### Work instruction
Please write out the lines of the data exactly, beginning with the first and ending with the line containing "Printer Stand With"; leave the pictures behind.
%%
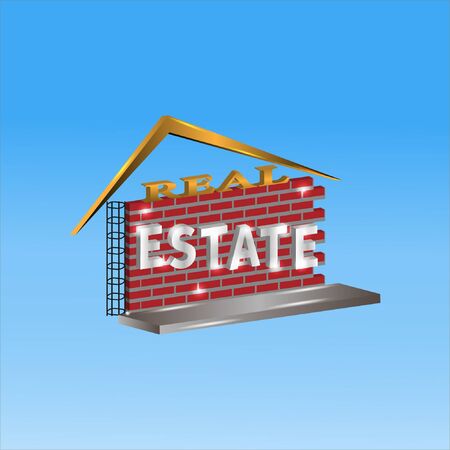 real estate with a 3D design concept. design with a brick, iron and writing background.のイラスト素材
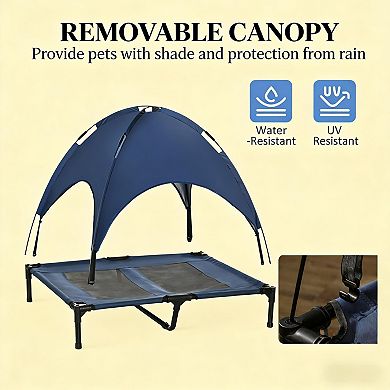 IFMALL Portable Elevated Pet Cot with Canopy for Outdoor Comfort and Breathability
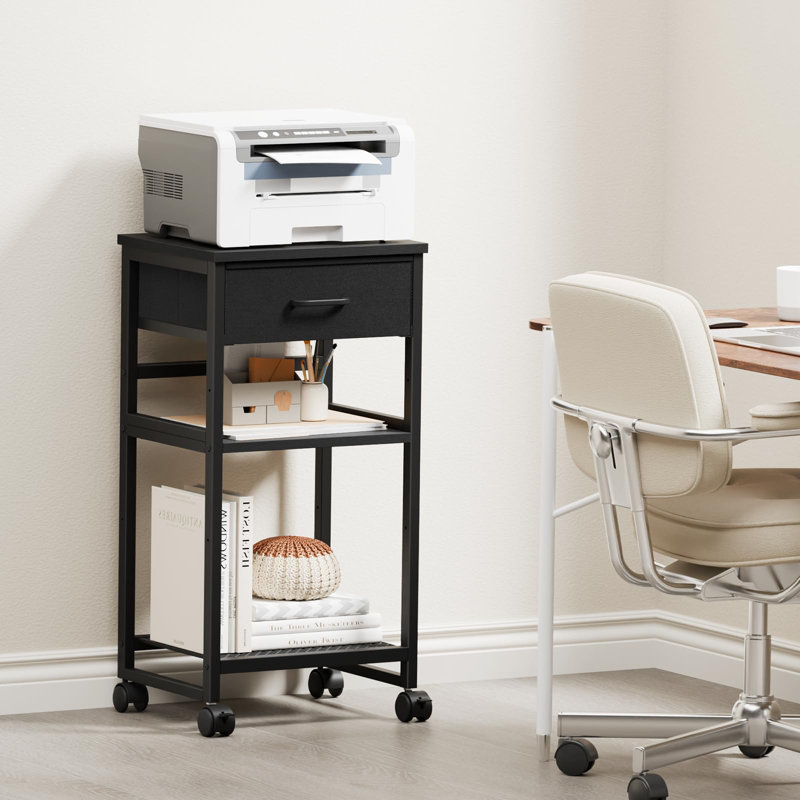 Printer Stand With Storage, Small Rolling Printer Table For Home Office, 3-Tier Printer Cart With Wheels, Modern Industrial Nightstand With Drawer, Side Table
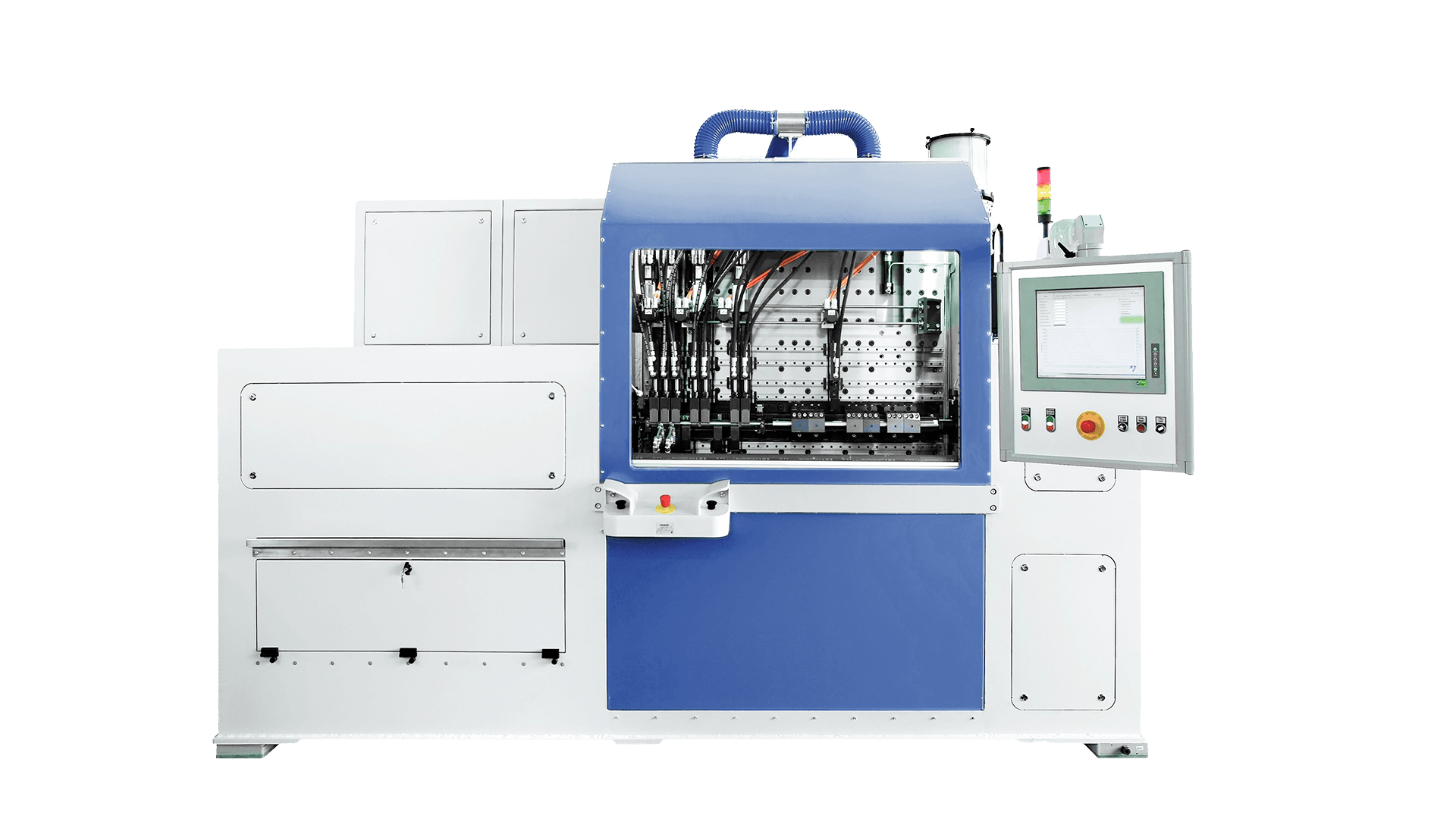 Máquina de autofrettage con fijación de raíl común y cámara de pruebas abierta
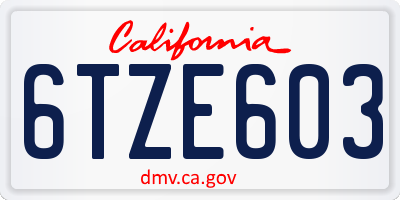 CA license plate 6TZE603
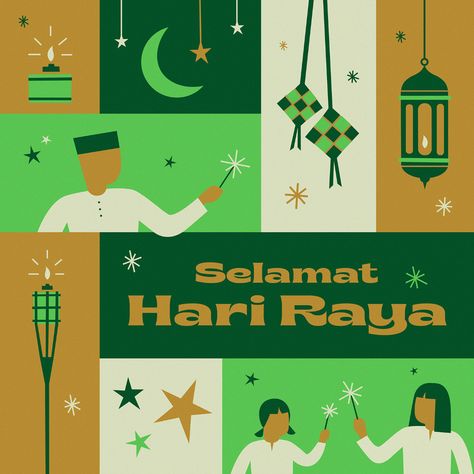 Hari Raya Poster Design, Eid Graphic Design, Hari Raya Poster, Hari Raya Illustration, Hari Raya Card, Raya Illustration, Eid Ads, Hari Raya Greeting, Raya Packaging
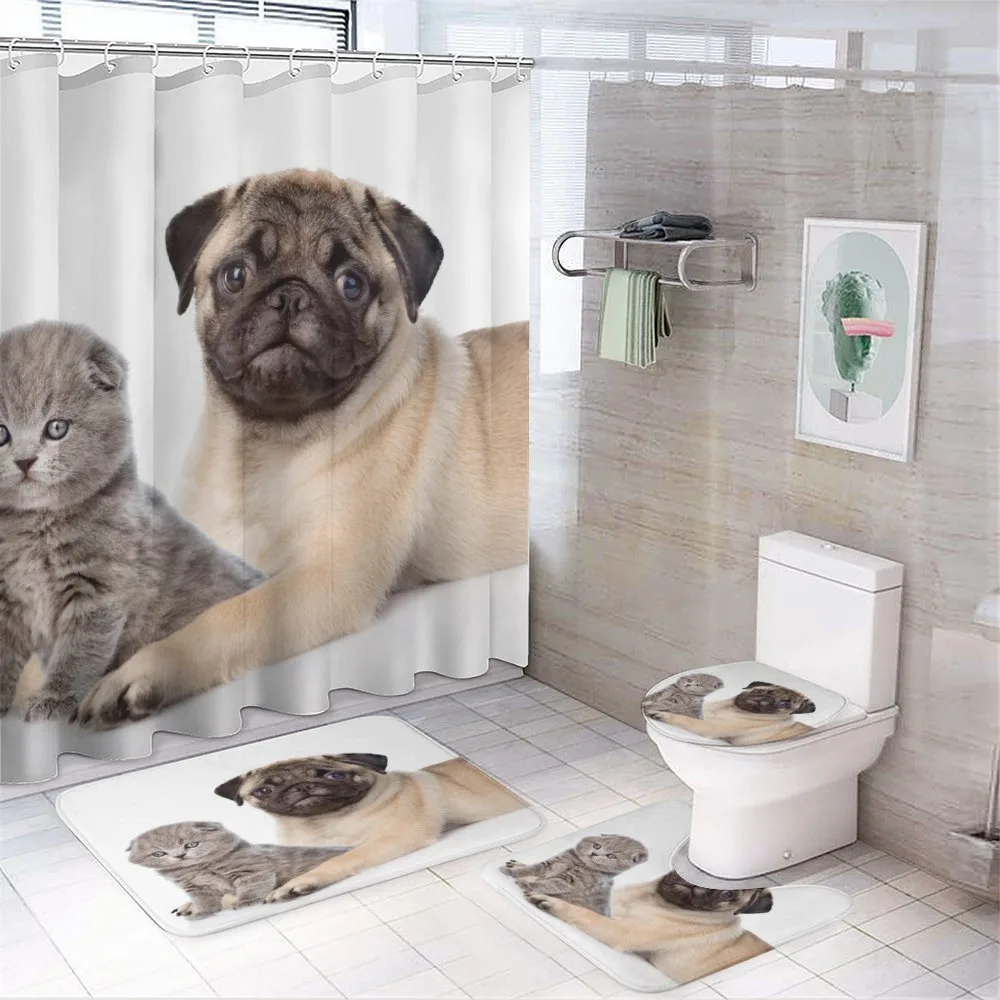 Young Puppy and Kitten — 4-Piece Bathroom Set preview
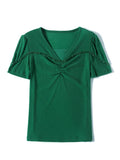 Znbbw Shinning Mesh T Shirts Women's Short Sleeve Beading V Neck Tees Buttons Folds Slim Tshirt For Female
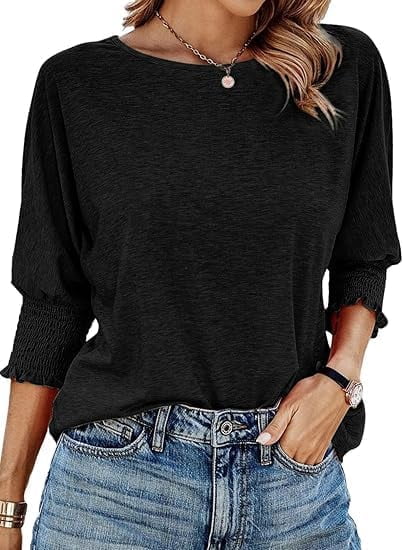 Gingprous 3/4 Sleeve Blouse for Women Smocked Cuffs Tee Tops Loose Casual Tee Shirt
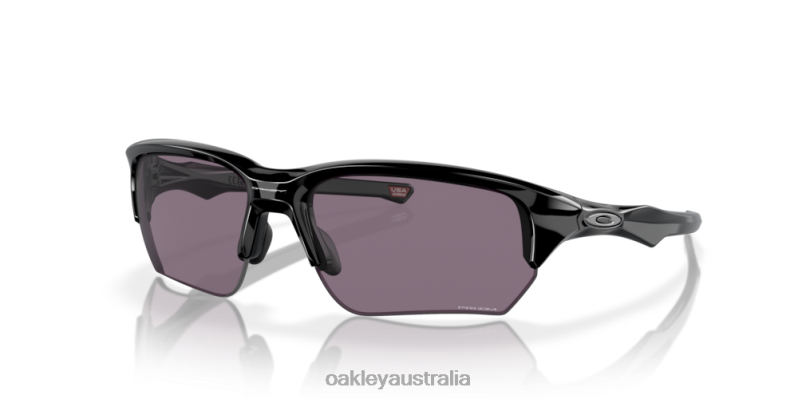 Flak Beta (Low Bridge Fit) Prizm Grey Lenses, Polished Black Frame Oakley2ZJX926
%%
### Response area
 real estate with a 3D design concept. design with a brick, iron and writing background.のイラスト素材
 IFMALL Portable Elevated Pet Cot with Canopy for Outdoor Comfort and Breathability
 Printer Stand With Storage, Small Rolling Printer Table For Home Office, 3-Tier Printer Cart With Wheels, Modern Industrial Nightstand With Drawer, Side Table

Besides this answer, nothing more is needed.